The Case for Microsoft’s Master Data Services. Or how I learned to stop worrying and love Excel.
Recently an image on Twitter caught my attention. It was a snap of some handwritten meeting notes at a presentation by (I assume) Peter Speyer. In the corner the notetaker had scribbled a comment, “no more spreadsheets scrolls.” I read that, and thought to myself, “amen.”
Admittedly, as a database guy, I’m generally inclined to hate Microsoft Excel. Don’t get me wrong. Excel is outstanding for analytics and I love the Power BI tools. However, Excel is not a database. Distributing Excel files via email does not make it a multi-user, transactional database. When it comes to corrupting or at least confusing data, Excel excels! Who hasn’t experienced the annoying habit of it dropping leading zeros from integer identifiers represented as text (e.g., US ZIP Codes), converting long integer ID numbers to scientific notation, then rounding the values so that the result is incorrect, scrambling date/time stamps, or column shifting in a bad import. Don’t even get me started about headers, footers, and tabs running amok, any one of which makes for an ETL nightmare.
I’ve also been biased against Microsoft Excel because it contributes to violations of data governance rules. Data governance is all about transparency, audit-ability, standardization, and checks and balances. Enterprise Data Warehouses (EDWs) are only as strong as its dimensions. Because EDWs are not designed to manage dimensions, it’s easy for someone to decide to maintain a dimension in a spreadsheet file.
Microsoft Excel’s unique advantage to an organization is its ubiquity, which makes it an extremely convenient means to manage data. This convenience though results in Excel files becoming the repository of the data. Simple distribution of static Excel files via email, file server link, or Sharepoint discourages collaboration, encourages ad-hoc edits and then hides them, possibly corrupts data, and creates confusion. This leads to people deliberately erecting silos in an attempt to protect data integrity. When that happens data governance falls apart. Hence my long standing objections to Microsoft Excel for managing critical data. However, with the advances in Microsoft’s Master Data Services (MDS), I’ve softened my objections considerably. In fact, I now have reasons to love Excel for managing data - some data but not all!
MDS keeps the good parts of Microsoft Excel
For all its faults Microsoft Excel has a vital role to play in data management. It remains a fantastic tool for filtering, profiling, error and outlier checking, to name a few benefits. Where MDS comes in is that it nullifies the negative aspects of Microsoft Excel. Excel remains the user interface for managing core data sets, while data storage moves from static files on a file server and into the MDS repository (which is hosted in Microsoft SQL Server). We get the convenience of Excel for managing data while meeting all the requirements of good data governance:
-Transparency: It’s a shared repository, so transparency is built in.

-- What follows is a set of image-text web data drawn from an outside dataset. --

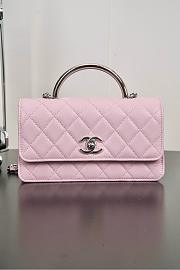 Chanel Clutch With Chain Shiny Grained Calfskin Resin Silver Tone Metal Light Pink - 18.5x11x6cm - 1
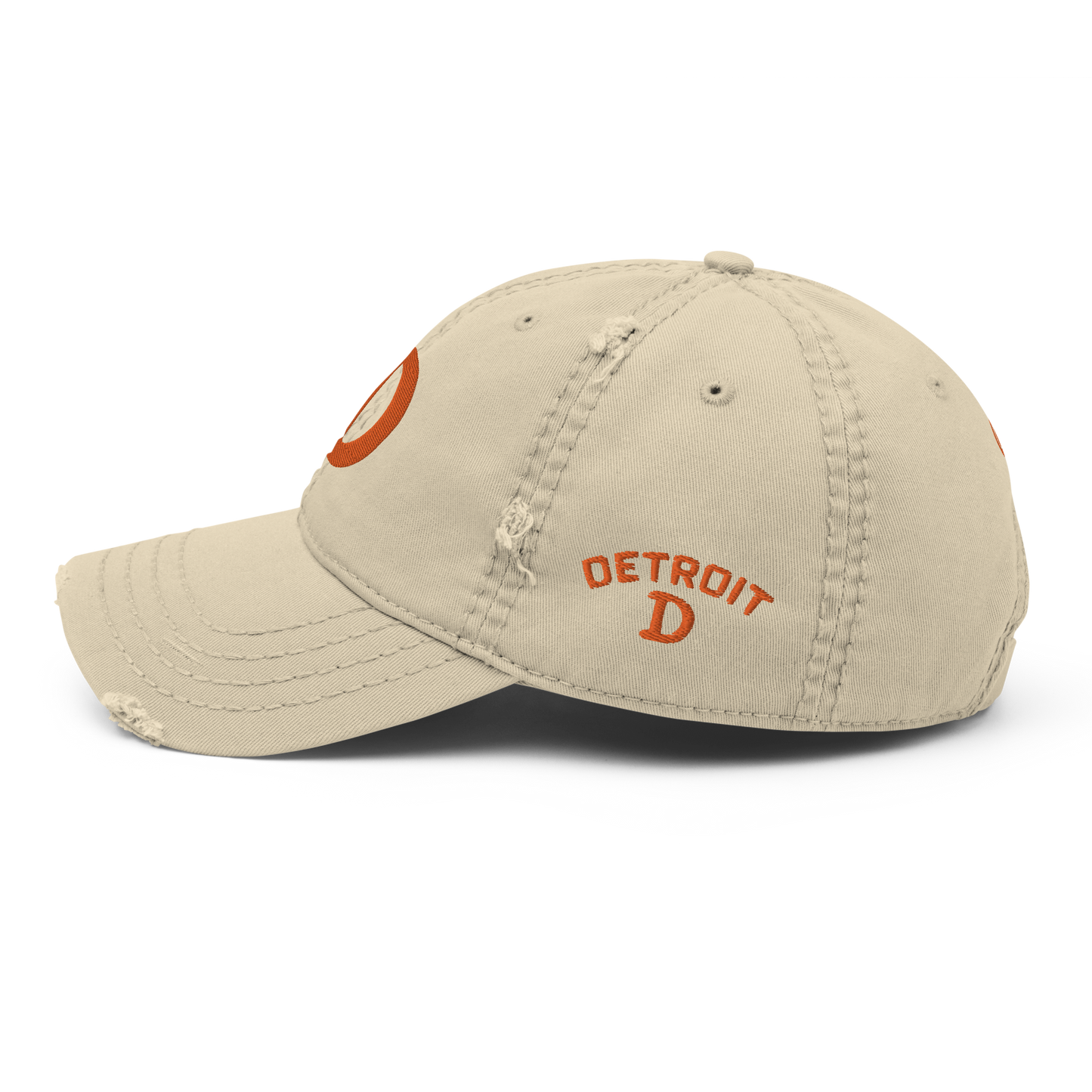 Detroit 'Old French D' Distressed Dad Hat (w/ Side Design) | Orange Embroidery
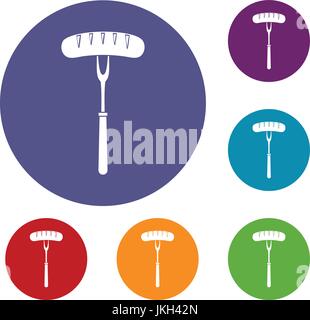 Sausage on bbq fork icons set Stock Vector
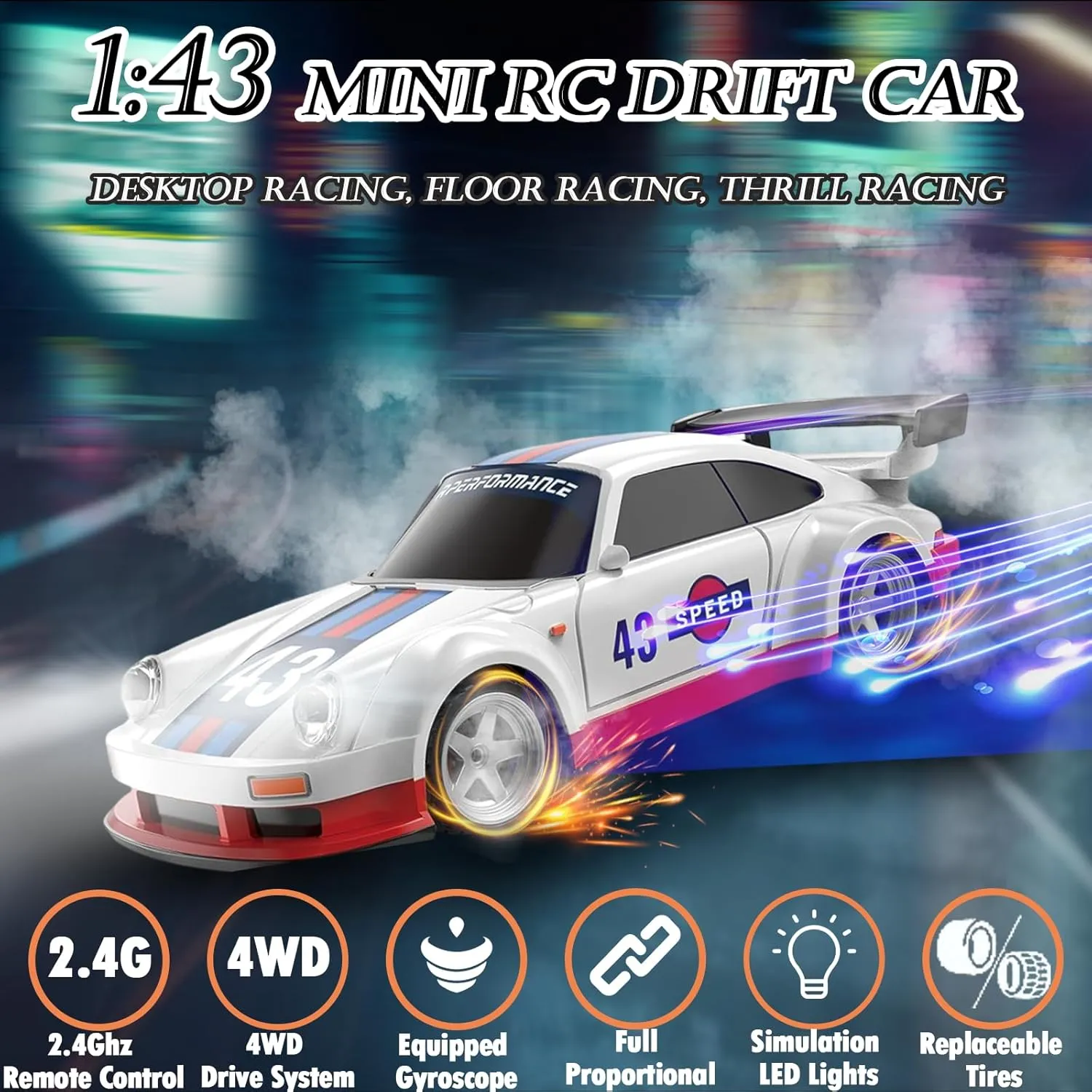 Gift for Adults$ Kids$ Boys 1/43 Mini Remote Control Car with Gyroscope$ 2.4GHz variation indecipherable hard pleasing cumulative 4WD Full Proportional High Speed Fast RC Drift Cars with LED Lights Racing Tires$ Hobby RC Cars Toy Model 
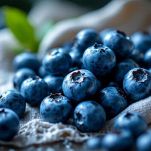 Mirtilli freschi distribuiti nella ciotola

-Audit-abilty: Because changes are logged, as are the reasons for the changes (if used properly), auditing is enabled.
-Standardization: Domain-based attributes, especially when shared across models, encourages consistent data dictionaries, and therefore clear communication.
-Checks and balances: MDS’ system of business rules, along with its affinity for collaboration and workflows, strengthens checks and balances across an organization.

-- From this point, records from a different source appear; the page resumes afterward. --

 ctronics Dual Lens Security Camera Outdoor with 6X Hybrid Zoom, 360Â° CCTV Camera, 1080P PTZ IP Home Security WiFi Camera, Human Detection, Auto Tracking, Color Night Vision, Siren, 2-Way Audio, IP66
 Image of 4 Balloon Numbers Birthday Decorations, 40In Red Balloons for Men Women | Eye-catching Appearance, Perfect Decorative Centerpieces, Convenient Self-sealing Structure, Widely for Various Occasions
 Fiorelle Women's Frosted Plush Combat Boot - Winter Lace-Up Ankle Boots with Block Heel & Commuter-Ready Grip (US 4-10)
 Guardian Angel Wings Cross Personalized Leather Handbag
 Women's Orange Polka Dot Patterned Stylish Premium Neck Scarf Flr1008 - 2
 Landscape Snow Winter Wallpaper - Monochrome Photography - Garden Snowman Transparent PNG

Once we satisfy data governance requirements, data silos by definition no longer exist. That makes me happy.
MDS provides focus to the data steward
Data stewards by definition are subject matter experts. Because the primary job is to provide quality data, strong IT skills should not necessarily be an area of expertise. What I like most about MDS is how it shifts the focus of the data steward to the data itself. Critical technology based tasks, such as backups and revision tracking, are off loaded onto the MDS system. More to the point, skills needed to navigate a database server are unnecessary.

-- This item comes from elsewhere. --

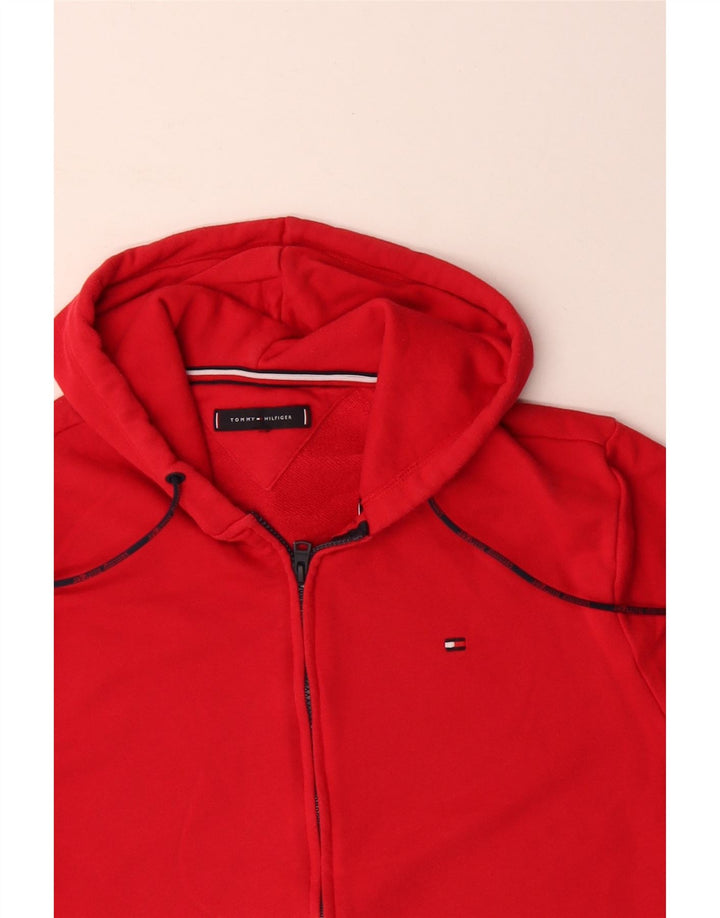 Tommy Hilfiger Herre grafisk hættetrøje med lynlås Medium rød bomuld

MDS encourages accountability
MDS’ built-in security system enhances accountability. Defined subject matter experts explicitly own data because only they have edit rights. Everyone else gets to read, view, and consume the data, but not edit. Further, when security is properly implemented, you simply cannot have roque changes.
I also like how MDS’ security system is based on Active Directory. There’s no reinvention or duplication of security systems, which of course encourages the implementation of consistent security rules and practices in the organization.
MDS promotes data quality, which encourages confidence in the EDW
The obvious means by which MDS encourages quality checks is via its system of business rules. When used to trap for scenarios like out of range or missing values, the affect is to prevent invalid data from entering circulation via the EDW. In a purely SQL Server world, you might implement the rules as constraints. Doing so requires either a SQL coder or SQL skills on the part of the data steward, as well as the blessings of the change committee and/or a DBA. All this discourages new rules and modifications to rules. By moving the rules into MDS, the data steward is both empowered and encouraged to create and manage the rules directly.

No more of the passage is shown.